Git Good - The magic of keeping a clean Git history
This post is designed to help you form a solid mental model while working with Git both professionally and in an open source project, and how to ensure you are following best practices to make the process easier for everyone.
This topic was inspired by some of my pairing sessions with my colleague Tobias Bieniek and the concepts laid out in this post have become invaluable to me while working with open source development. If you haven't already checked out Tobias' blog on Open Source maintenance I would highly recommend checking it out after reading this post 🎉
Git can sometimes be complex to get your head around. Most of us learn Git up to a point where we're happy to use it day-to-day and then stick to the few commands that we are comfortable with without trying anything too fancy. Most of the time this works out, but then every so often we do something wrong or someone asks us to rebase or "squash" something and we either panic and/or mess up our git repo 😫 This is such a common feeling that sites like Oh shit, git! have cropped up to help us get out of our messes.
It's my belief that a number of factors have held developers back from becoming super productive with Git, and with a bit of guidance in pairing sessions I can usually help people to unlock their full potential while using Git. This potential I am talking about is not anything so complex as dealing with the reflog, or knowing anything about blobs or the internals of Git, I am just talking about people feeling comfortable understanding branches, rebasing, cherrypicking, and have the ability to clean up a branch before submitting it to a Pull Request (PR).

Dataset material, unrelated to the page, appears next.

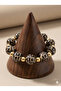 Gold Detailed Leopard Pattern Beaded Elastic Women's Bracelet I Special Boxed - 3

The most egregious thing that holds back people's understanding of Git is the concept that "if you don't use git on the command line then you're not a real developer" and this idea it needs to die. Sure there are plenty of places in the tech community where we have a gatekeeper problem, but this particular idea of "you're not a real developer if you don't do X" is the most pervasive and destructive. The fact that we funnel so many junior and intermediate developers into using git on the command line, I believe, has significantly hampered their ability to truly master Git.
This is why, whenever I get the chance, I always recommend people to just download Fork. I have always been a visual learner so when I think about Git I very much see the branching model in my head. Even if you don't know exactly what you're looking at when you see the Fork interface, you will pick up the concepts of branching in Git much faster when you see a command's effect on the tree visualisation rather than an abstract set of characters in the command line.
anchorIt's all in the eye of the reviewer
So what is the point of mastering Git and becoming a rebasing wizard with the ability to rewrite history like you are Hermione Granger wielding a time turner‽
The point of this post is not to get everyone rebasing their branches for the sake of feeling cool, but instead I hope that more people learn just enough Git skills to achieve one simple goal: make your pull requests more focused and understandable to improve their chance of getting merged quickly (or even getting merged at all).
Making sure your pull requests have a good Git history can really streamline the review process for your colleagues or maintainers of Open Source projects, and has the added benefit of keeping the Git history clean in the long run. This will help your colleagues, or even your future self, understand the thought process behind your PR if you ever need to go back and do some code archaeology to figure out why something was added or changed in the codebase.
Open source projects tend to receive a large number of PRs out of the blue, some of them are great but sometimes you get the dreaded "rewrite all your code" PR. These are often very hard to ever get merged (if you would even want to merge them) because they end up touching too much stuff in the same PR and can make it next to impossible to review properly.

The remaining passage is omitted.